When the U.S. Food and Drug Administration announced it was delaying premarket tobacco product application (PMTA) decisions, Iowa Attorney General Tom Miller says he become concerned about the impact the regulatory agency’s actions. What worried him was the unintended consequences of pulling from the market less harmful alternatives to combustible cigarettes.

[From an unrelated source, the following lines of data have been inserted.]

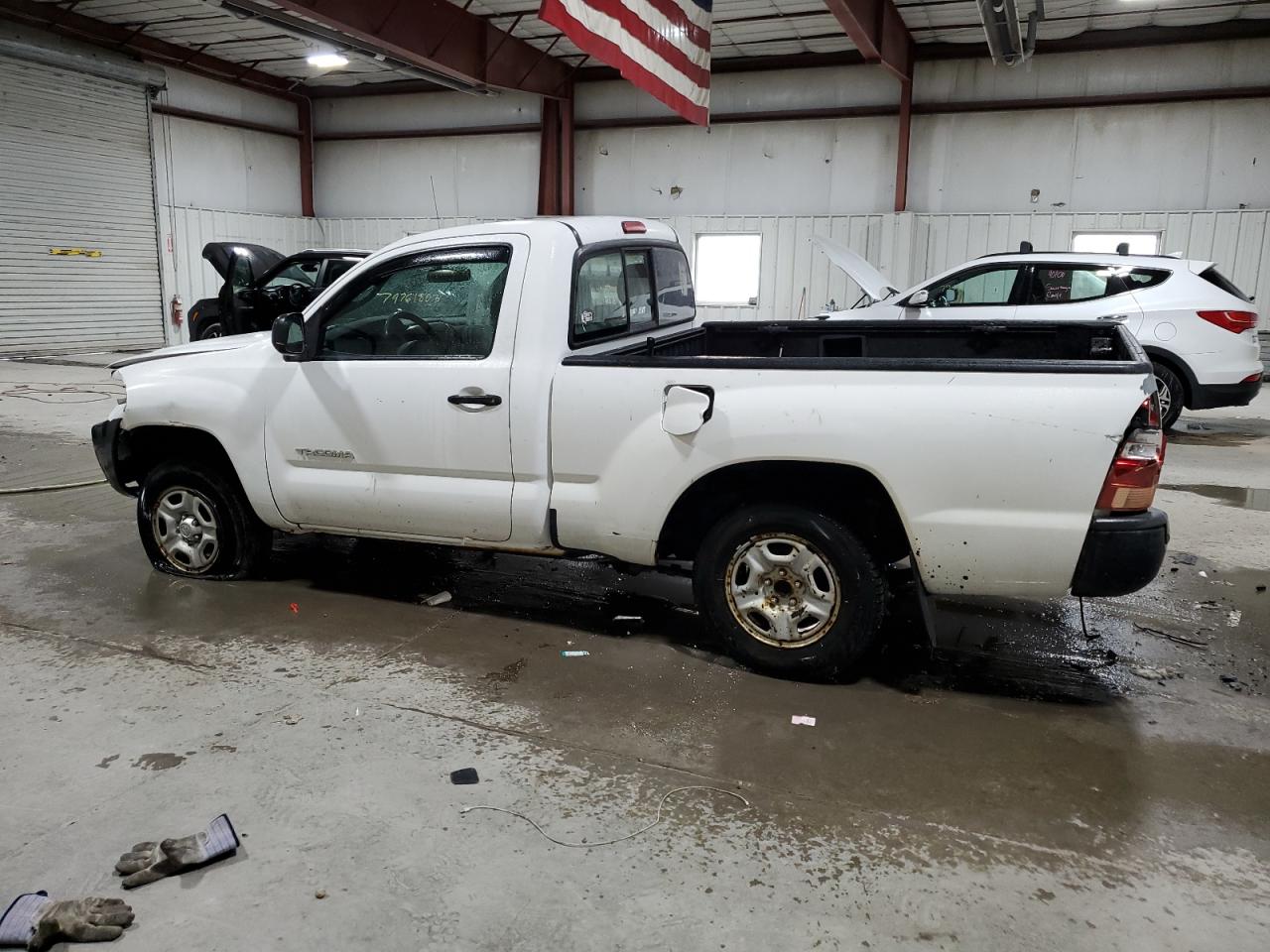 Изображение 2 2006 TOYOTA TACOMA  2006 с VIN 5TENX22N76Z189602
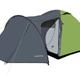 Палатка Hannah ARRANT 3 spring green/cloudy grey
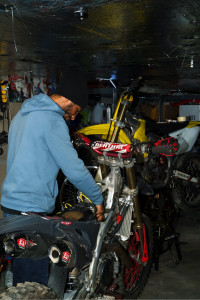 Photo de galerie - Réparation vélo - moto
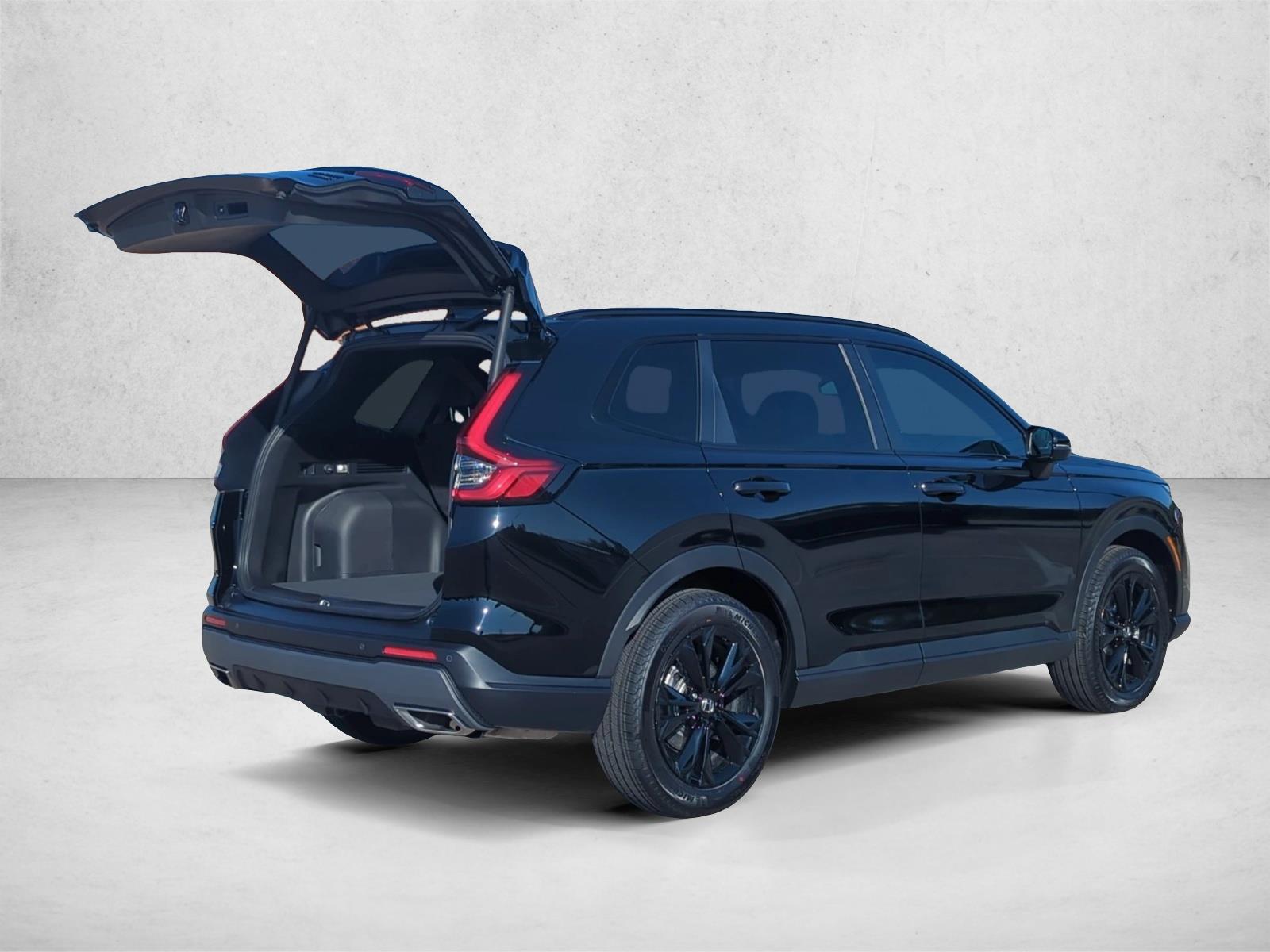 New 2027 Honda CR-V Hybrid Sport Touring SUV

“We believe the best information available indicates that most youths are not getting e-cigarettes from vape shops and that a significant number of adults are using products from vape shops to move away from combustible cigarettes. Let’s not forget the overwhelming risk to public health: The CDC estimates the burden of tobacco use in the United States is 480,000 lives a year, all of which is due to the use of cigarettes,” Miller wrote in a statement. “We believe in the strong, science-based regulation of alternative tobacco products, and the FDA is the best agency to undertake that task. Policy makers must strike the right balance between making accessible potentially lifesaving lower-risk nicotine products while discouraging use by those who wouldn’t smoke, especially youth.”
On Sept. 9, the FDA finally made its announcement on the fate of millions of PMTAs. However, only small businesses that submitted PMTAs for flavored products got any answers. The FDA issued marketing denial orders (MDOs) to more than 130 companies requiring them to pull an estimated 946,000 products from the market. There were no updates provided on several high-profile submissions, such as those submitted by Juul Labs, BAT and Japan Tobacco International. The agency also offered no response to any submitted open-system hardware products or tobacco-flavored e-liquids.
The following day, the agency increased that number to 168 companies that were issued MDOs for an estimated 992,000 products. According to a press release, the regulatory agency released a revised listing of MDOs that includes 125 company names but not any specific products that were denied.
“We continue to work expeditiously on the remaining applications that were submitted by the court’s Sept. 9, 2020, deadline, many of which are in the final stages of review,” the agency wrote in its announcement. “For premarket tobacco product applications, our responsibility is to assess whether applicants meet the applicable statutory standard for marketing their new products. As we have said before, the burden is on the applicant to provide evidence to demonstrate that permitting the marketing of their product meets the applicable statutory standard.”